PUAK MELAYU DI INDONESIA kini hanya dipandang sebagai bagian kecil
dalam konsep nusantara. Padahal, di masa jaya kerajaan Sriwijaya dengan
wilayah takluk yang begitu luas, sebenarnya konsep ke-Melayuan itu
sempat menaungi sebagian besar wilayah Indonesia di masa silam.
Namun, jejak-rekam keperkasaan Melayu (baca juga: Melayu Nusantara)
kini berbekas dalam wujud wilayah geografis yang sempit dengan
indikasi-indikasi masih adanya peninggalan adat-tradisi dan nilai-nilai
budaya.
Menoleh ke latar belakang sejarah yang panjang,
orang-orang Melayu Nusantara yang menghuni sebagian wilayah teritorial
di Indonesia berasal dari ras Weddoide yang kini direpresentasikan
melalui suku-suku asli yang ada di Riau, Palembang dan Jambi, seperti
suku Sakai, Kubu dan Orang Hutan.
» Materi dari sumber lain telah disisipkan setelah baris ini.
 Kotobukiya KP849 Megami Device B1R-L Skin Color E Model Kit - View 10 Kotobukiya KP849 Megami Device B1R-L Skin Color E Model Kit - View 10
Setelah itu, antara tahun 2500-1500 SM
datanglah golongan pertama ras Melayu dari bangsa Proto-Melayu yang
menyeberang dari benua Asia
ke Semenanjung Tanah Melayu terus
ke bagian Barat Nusantara termasuk Sumatera. Di Riau, keturunan
Proto-Melayu ini dapat dijumpai melalui suku asli Talang Mamak dan Suku
Laut.
Gelombang kedua kedatangan ras rumpun Melayu ini sekitar
tahun 300 SM yang disebut Deutro-Melayu. Kedatangan bangsa Deutro-Melayu
ini memaksa bangsa Proto Melayu menyingkir sehingga ada yang
menyingkir ke pedalaman dan ada pula yang berbaur dengan pendatang.
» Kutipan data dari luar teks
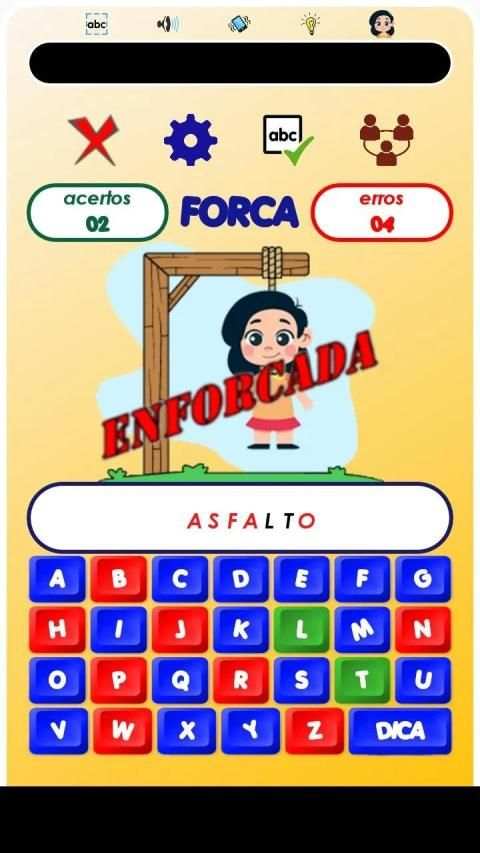 Jogo da Forca - Brasil screenshot 5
Bangsa Deutro Melayu inilah yang menjadi cikal-bakal rumpun Melayu yang
ada di sebagian wilayah nusantara.
Sementara Prof. S. Husin
Ali, Guru Besar dari Universiti Malaya menngatakan bahwa pendatang
pertama di Semenanjung diperkirakan berasal dari kelompok Mesolitik dan
Neolitik (sering disebut Proto-Melayu) yang berasal dari daerah Hoabinh
di Indocina. Perpindahan ke arah selatan itu dimulai kira-kira 3000-5000
tahun yang lalu dan kebudayaan mereka sering disebut kebudayaan
Hoabinhiano. Kelompok orang-orang ini terdiri dari orang-orang bertubuh
kecil dan kuat, berkulit hitam dan berambut lebat. Mereka menyebar ke
arah selatan Semenanjung dan beberapa di antara mereka menyeberang ke
Pulau Sumatera, sedangkan lainnya terus ke Selatan sampai ke Kepulauan
Melanesia di Lautan Pasifik.
Antara abad VII-XIII pada masa
jaya kerajaan Sriwijaya yang pada mulanya berpusat di Muaratakus
(Kampar, Riau) kemudian berpindah ke Palembang (Sumsel), wilayah
kekuasaannya menyebar di seluruh Sumatera, Selat Melaka dan Semenajung
Tanah Melayu. Di ujung kekuasaan Sriwijaya yang kian melemah, salah
seorang Dinasti Syailendra bernama Sang Sapurba meninggalkan kerajaan
Sriwijaya untuk melakukan perjalanan sambil membangun pengaruh di
kerajaan-kerajaan yang sudah ada. Sang Sapurba sampai di Kerajaan
Tanjungpura (Kalimantan), Bintan (Riau Kepulauan), Kuantan (Riau
Daratan) dan membina hubungan baik dengan mengawinkan putra-putranya
dengan putri kerajaan yang dikunjunginya. Selanjutnya, Sang Sapurba
mulai membangun Dinasti Melayu melalui kerajaan-kerajaan yang ada
seperti Kerajaan Bintan, Tumasik (Singapura), Melaka, Kandis, Kuantan,
Gasib, Rokan, Segati, Pekantua dan Kampar.
Di Kerajaan Bintan,
seorang anak Sang Sapurba yang bernama Sang Nila Utama dikawinkan dengan
putri Kerajaan Bintan yang kemudian dinobatkan menjadi raja. Sang Nila
Utama pula yang membangun kerajaan Tumasik. Kerajaan Tumasik dengan raja
terakhir, Prameswara saat diserang Kerajaan Majapahit, selanjutnya
mendirikan Kerajaan Melaka.
Kerajaan Melaka akhirnya
ditaklukkan Portugis. Muncullah kemudian Kemaharajaan Melayu dibawah
kepemimpinan Sultan Mahmud Syah I yang berkedudukan di Bintan kembali
merebut bekas-bekas taklukan Kerajaan Melaka.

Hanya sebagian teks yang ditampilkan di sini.